Wednesday, May 25, 2005

Dixon Council approves expansion of City Hall

Dixon Council approves expansion of City Hall

By David Henson/Staff Writer
Looking at plans for the second time this year, the Dixon City Council laid the foundation Tuesday night for an eventual expansion of City Hall that will more than double its size.

With a 5-0 vote, council members placed the $3.5 million cost estimate and schematic design for the 11,606-square-foot expansion into the city's five-year capital improvement program.

The city currently is recalculating the fees it charges developers and the new estimate for the City Hall - roughly double a figure from the 1990s - will be a factor in any increase in those fees to help fund the expansion.

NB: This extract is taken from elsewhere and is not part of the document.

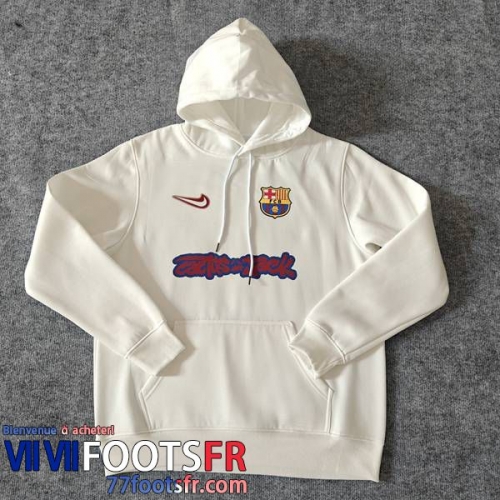 Sweatshirt Foot Barcelone Homme 25 26 B276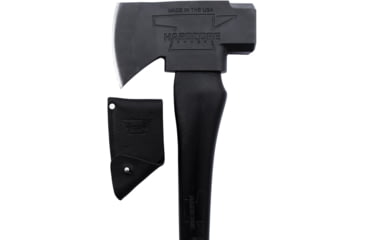 Image of Hardcore Hammers Ranger Axe 28in Blackout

"This is why it is important to do this now," said Mayor Mary Ann Courville.

Tuesday's approval also paves the way for the city to solicit bids on the project, according to city documents. Several council members seemed reluctant to pin a time frame on the project, saying it could be several years before the city begins construction.

"We're not suggesting to start building tomorrow or next year or even four years from now," City Manager Warren Salmons said. "We're saying let's acquire the resources to do it."
Councilman Mike Smith, however, seemed to disagree.

"If we approve this, that means we're going to build it," he said. "The only problem I see is that by the time we start building it, it will be too late."

City workers already are too cramped, he said, later suggesting the council look at temporary solutions to the space problem.

When criticized for approving the project because city staff recommended it, Vice Mayor Gil Vega quipped that previous city councils had the foresight to "rubber stamp" new construction for the police and fire departments as well as the current council chambers.

"Dixon is not going to stop developing, so I guess we'll just have to 'rubber stamp' ourselves into the future," he added.

An expanded City Hall would place the engineering department in the same building as its co-workers for the first time in 15 years. Plans call for more room for future new staff members in the community development, planning and engineering departments, as well as creating a multi-purpose room accessible to the public.

The cost estimate and plans were developed through a space-needs analysis and interviews with city staff, but Councilman Steve Alexander questioned the breakdown of needs and whether it was necessary.

Responded Salmons, "Let's say we're off by four or five positions. The worst that happens is the space doesn't get used until later."